> [Exercise objective] Repeat the data as given. Images do not go in the copy.

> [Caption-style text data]
....
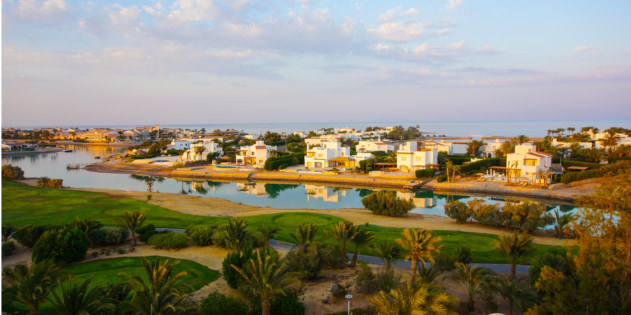El Gouna in Ägypten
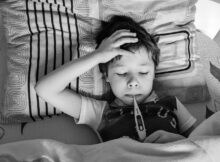 gripe niño salud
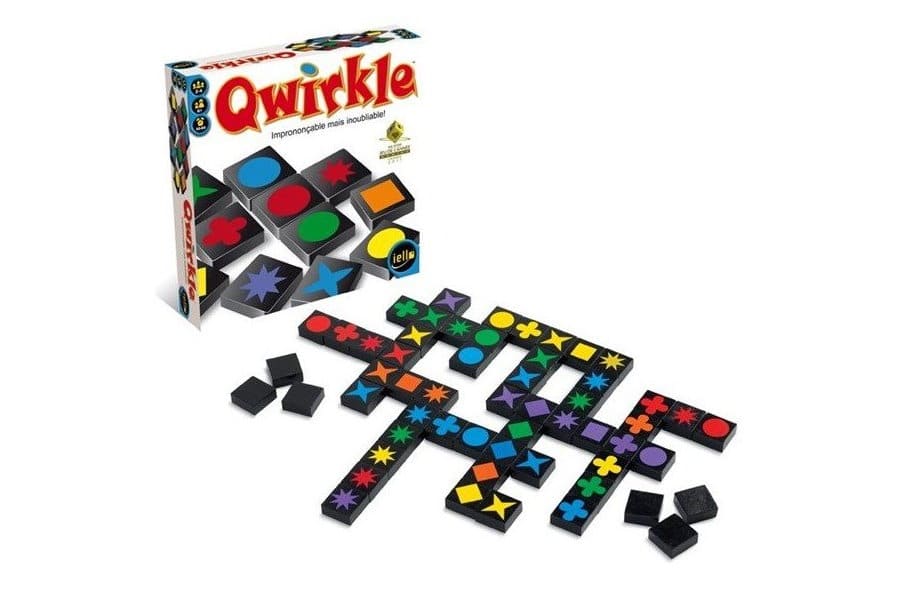 Qwirkle : adaptation un peu ratée d'un très bon jeu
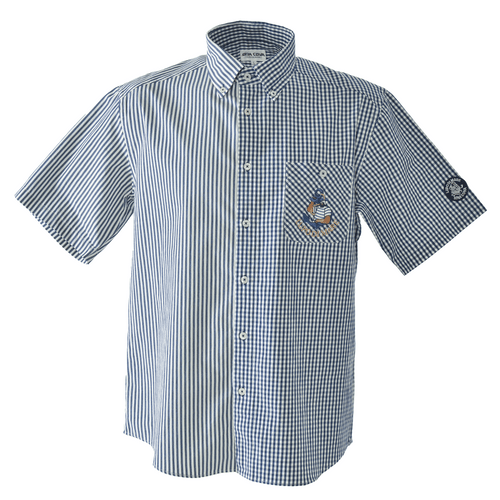 Short-sleeved button-down shirt 26124510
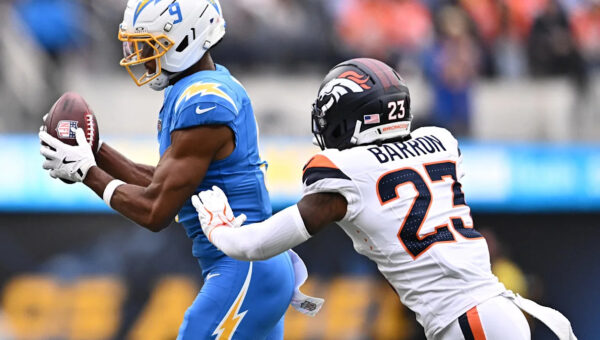 Tre' Harris injured in Week 5 loss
....
> [Reply]
El Gouna in Ägypten
 gripe niño salud
 Qwirkle : adaptation un peu ratée d'un très bon jeu
 Short-sleeved button-down shirt 26124510
 Tre' Harris injured in Week 5 loss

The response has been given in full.